Michel set aside the map and searched his valise for another – one of the older, more detailed maps that they didn’t have copies of. He spread it across his lap and traced their route out one more time, making sure that they weren’t going to miss anything by depending on the newer maps. The tunnels lined up with their plans admirably, and he was just about to roll the map back up when something caught his eye. It was a label on one of the dozens of chambers that they’d be searching, each of them marked by the cartographer with a single word in a language Michel wasn’t familiar with.

It was labeled MARA.

The sight of the word made Michel’s heart jump. “Let’s go,” he told the soldiers.

“Is something wrong?” Tenik asked quietly as the soldiers headed down into the darkness.

“This word here,” Michel pointed. “What language is that?”

“Same language as the rest of those rooms, I’m guessing. Must be old Dynize.”

“Do you know what it means?”

“Haven’t a clue. Yaret might know.”

The discovery troubled Michel as they followed their escort into the tunnels. He tried to shake it off, and had gone less than two hundred yards when he decided that perhaps he should rethink the answer to that Are you claustrophobic? question that he’d been asked a few minutes before. The tunnel they followed sloped gently downward, the rock slick with moisture and lichen, the light of Michel’s lantern playing across the uneven shadows. It was so narrow that he could touch both sides and the ceiling without reaching.

Michel had always thought of the catacombs beneath Landfall as something akin to a sewage system – in that everyone knew they were there, but no one really liked to talk about them. Some people were afraid of tunnel collapses, others that they were haunted. Most agreed that it was best not to disturb the rest of the ancient dead.

They followed a zigzag pattern through a series of cross-halls and small rooms filled with ossuaries, full-blown tombs, and even bones packed into alcoves so tightly that not one of them could be dislodged. He reined in the soldiers every few minutes, moving slowly and consulting his maps by lantern light even though he had memorized their route. When it came to someplace as disorienting as the catacombs, he didn’t want to make a mistake.

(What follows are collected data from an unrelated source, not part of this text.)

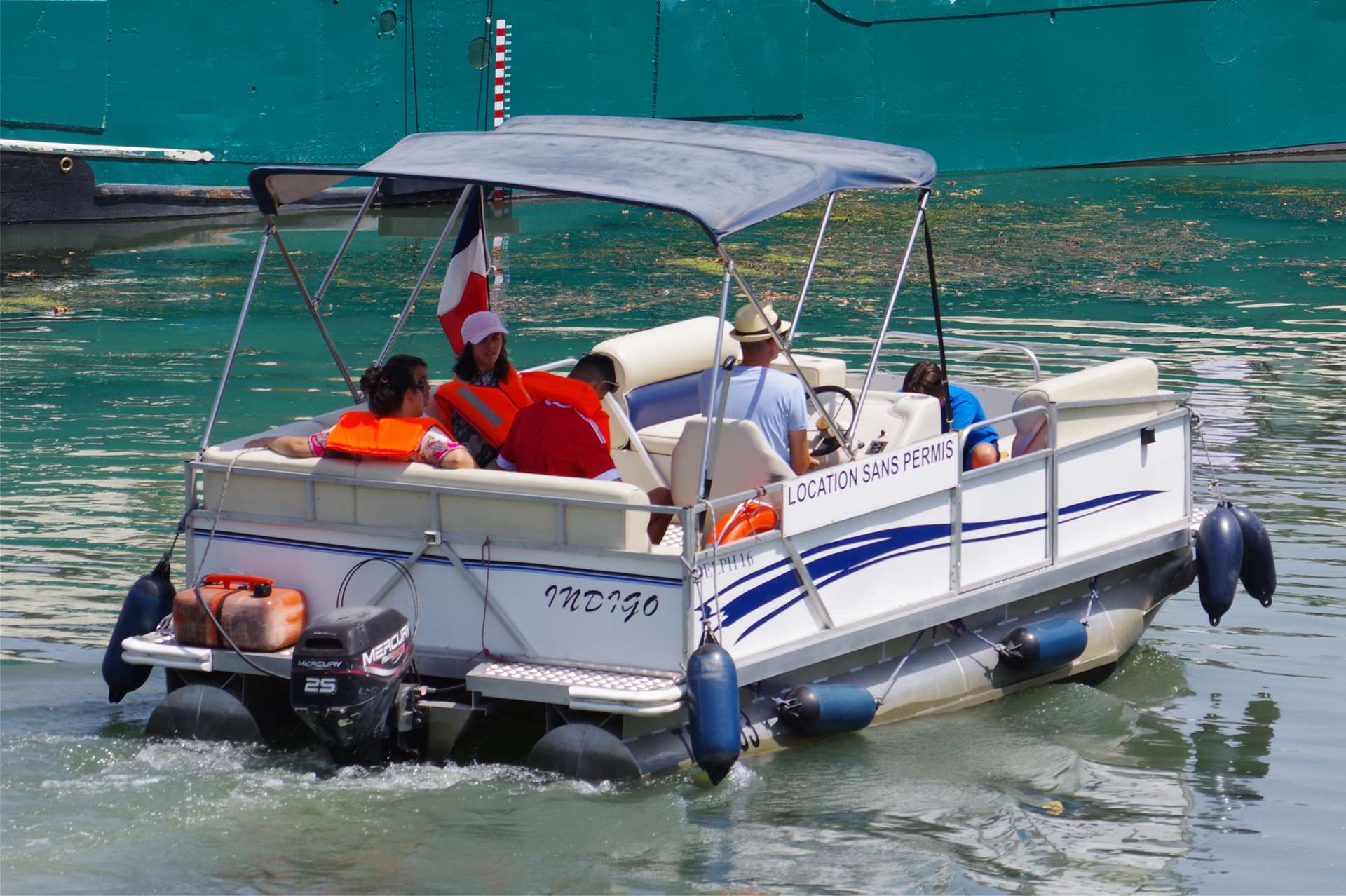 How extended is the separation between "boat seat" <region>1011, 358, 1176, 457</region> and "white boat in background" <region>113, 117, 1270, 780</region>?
26mm

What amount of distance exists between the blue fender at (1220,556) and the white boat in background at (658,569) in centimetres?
47

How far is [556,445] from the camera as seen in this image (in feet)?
23.9

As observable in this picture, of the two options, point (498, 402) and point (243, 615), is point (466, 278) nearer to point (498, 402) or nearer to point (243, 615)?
point (498, 402)

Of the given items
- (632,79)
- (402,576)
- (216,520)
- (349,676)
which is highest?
(632,79)

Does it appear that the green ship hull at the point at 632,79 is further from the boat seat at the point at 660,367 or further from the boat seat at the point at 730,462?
the boat seat at the point at 730,462

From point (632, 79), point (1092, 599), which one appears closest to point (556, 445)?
point (1092, 599)

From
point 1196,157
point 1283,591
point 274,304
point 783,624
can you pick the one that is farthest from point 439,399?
point 1196,157

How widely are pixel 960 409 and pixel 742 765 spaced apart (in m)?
2.61

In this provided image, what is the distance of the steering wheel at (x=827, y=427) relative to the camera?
8.27m

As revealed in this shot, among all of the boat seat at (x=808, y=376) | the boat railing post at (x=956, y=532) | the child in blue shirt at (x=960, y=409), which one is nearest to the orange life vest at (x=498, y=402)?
the boat railing post at (x=956, y=532)

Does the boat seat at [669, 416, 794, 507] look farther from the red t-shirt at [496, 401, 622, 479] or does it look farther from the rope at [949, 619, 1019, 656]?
the rope at [949, 619, 1019, 656]

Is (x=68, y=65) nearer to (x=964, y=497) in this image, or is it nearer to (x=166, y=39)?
(x=166, y=39)

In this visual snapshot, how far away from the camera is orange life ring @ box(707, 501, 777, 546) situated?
23.4ft

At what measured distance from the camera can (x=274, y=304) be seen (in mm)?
18797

Their journey consisted of long stretches of moody silence, the soldiers tense and irritable, punctuated by the distant echoes of other searchers. After some time their squad vanguard finally called a stop, and Michel and Tenik were called up to examine an immensely heavy iron grate blocking their path. Michel pressed his face to the grate and noted the way the light from his lantern disappeared into the darkness beyond without revealing any walls.

“I’ve heard stories that the Kez sealed up a lot of these tunnels decades before I was born,” he said. “We’ve reached the first chamber. Get to blasting.”

One of the soldiers kicked at the grate. “It’s solid, sir. If the room is still closed up, can’t we count out the chances of them being enemy bases?”

“These chambers have more than one entrance,” Tenik said. “We’re going to do a proper job of this.”